Want Better AI Images? Ask a Chatbot!
How to use LLMs to brainstorm scene ideas, remix pictures, and more.
Happy Thursday, digital dingos!
Almost exactly1 a year ago, I wrote about “splatterprompting.”
That’s the practice of filling text-to-image prompts with dubious descriptors like “64K, HD, hyperrealistic, award-winning, masterpiece, best, epic, legendary, godlike, Captain-Marvelly”…you get the picture.
The gist of my argument was: “Stop that.”
My sentiment still holds.
Today, in line with the “connecting the dots” pledge I made last week, I want to demystify text-to-image prompting for those who still think it’s a complex and incomprehensible science.
Follow me, and you’ll see just how simple it can be…2
Image models have gotten way better
In my now-one-year-old article, I made the case for using natural language instead of splatterprompting:
I reasoned that image models would only get better at creating pictures based on straightforward inputs.

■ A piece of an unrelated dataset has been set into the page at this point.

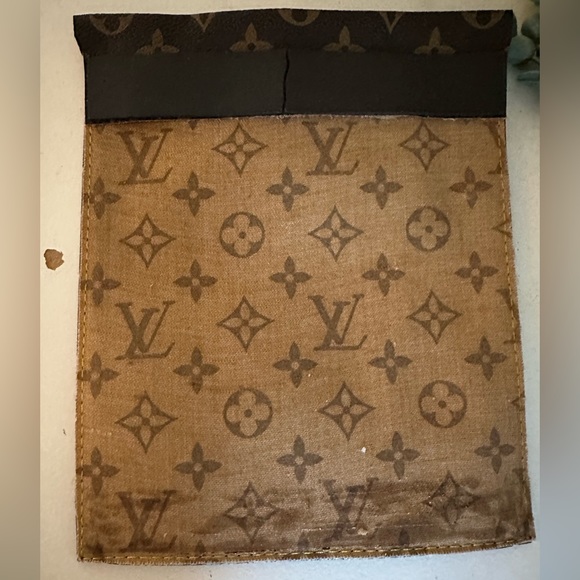 Louis Vuitton | COLLECTORS ITEM | one of a kind pouch - Picture 7 of 7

Now, I’m not one to toot my own horn, but *TOOT*
My prediction has come true in at least two major ways:
1. Image models make better images now
Hey, remember this meme from late 2022?
Oh, how we laughed!
Anyway, here’s Midjourney V6:
Yup.
Text-to-image models are that good now. People with three limbs and 17 fingers are largely a thing of the past.3
This means you no longer have to guide a model by telling it you want “a hand with five fingers” or using negative prompts like “low-res, bad anatomy, blurry, out of frame, deformed, mutated hands,” etc. (These are all real, by the way.)
To wit, here are two results for a simple short prompt: “Dog”:
Can you guess which one is Midjourney Version 1 and which one is Version 6?
(Hint: V6 is the one that doesn’t look like a Cronenbergian horror.)
Midjourney V6 doesn’t need a detailed specification of how many eyes dogs have to return a polished, fully realized image.
Instead, you can use the prompt space to focus on vivid descriptions of the exact scene you want.
This brings us to…
2. Image models understand you better now
The launch of DALL-E 3 marked a new era in just how many instructions and descriptors a text-to-image model can reliably handle.
Turns out it’s “many.”
From DALL-E 3 to Google’s Imagen 2 to Midjourney V6, the current generation of image models can successfully respond to long, elaborate scene descriptions written in natural language.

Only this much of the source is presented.